In [16]:
import jax
import jax.numpy as jnp

# $$(a, b) \mapsto a + b$$

dim = 3:  $\implies jac = \left[\begin{array}{ccc|ccc} 
1 & 0 & 0 & 1 & 0 & 0 \\
0 & 1 & 0 & 0 & 1 & 0 \\
0 & 0 & 1 & 0 & 0 & 1 \\
\end{array}\right]$

In [17]:
from jaxtyping import Float, Array
from jax.numpy import array as jar

dim = 3


@jax.jit
def addition(a: Float[Array, "1"], b: Float[Array, "1"]) -> Float[Array, "1"]:
    return a + b


def add_jvp(
    primals: tuple[Float[Array, "1"], Float[Array, "1"]],
    tangents: tuple[Float[Array, "1"], Float[Array, "1"]],
) -> tuple[Float[Array, "1"], Float[Array, "1"]]:
    (a, b) = primals
    (da, db) = tangents

    primal = a + b
    tangent = da + db

    return primal, tangent


inp1, inp2 = jnp.zeros(dim), jnp.zeros(dim)
key = jax.random.PRNGKey(0)

for i in range(10):
    key, new = jax.random.split(key)
    arr = jax.random.normal(new, (dim * 2,))
    da, db = jnp.split(arr, [dim])
    custom = add_jvp((inp1, inp2), (da, db))
    truth = jax.jvp(addition, (inp1, inp2), (da, db))

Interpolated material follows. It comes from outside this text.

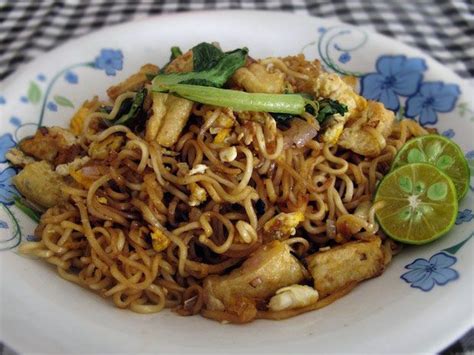 Resepi Maggie Goreng Blake Fraser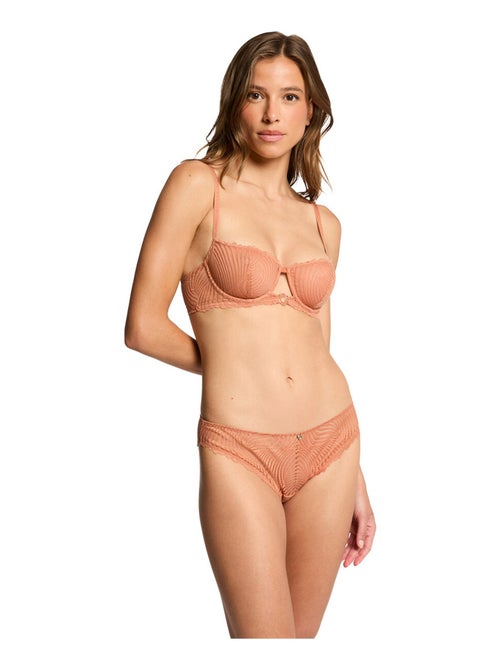 Soutien-gorge armatures GARANCE - Morgan Lingerie - Kiabi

    assert jnp.allclose(custom[1], truth[1]), (custom[1], truth[1])

addition = jax.custom_jvp(addition)
addition.defjvp(add_jvp);

# $$(a, b, \theta) \mapsto \theta a + b$$

dim = 3:  $\implies jac =  \left[\begin{array}{ccc|ccc|c} 
\theta & 0 & 0 & 1 & 0 & 0 & a_1 \\
0 & \theta & 0 & 0 & 1 & 0 & a_2 \\
0 & 0 & \theta & 0 & 0 & 1 & a_3 \\
\end{array}\right]$

In [18]:
dim = 3


@jax.jit
def addition_theta(
    a: Float[Array, "1"], b: Float[Array, "1"], theta: float
) -> Float[Array, "1"]:
    return theta * a + b


def add_jvp_theta(
    primals: tuple[Float[Array, "1"], Float[Array, "1"], float],
    tangents: tuple[Float[Array, "1"], Float[Array, "1"], float],
) -> tuple:
    (a, b, theta) = primals
    (da, db, dtheta) = tangents

    primal = theta * a + b
    tangent = theta * da + db + dtheta * a

    return primal, tangent


key = jax.random.PRNGKey(0)

for i in range(10):
    key, input_key, tangent_key = jax.random.split(key, num=3)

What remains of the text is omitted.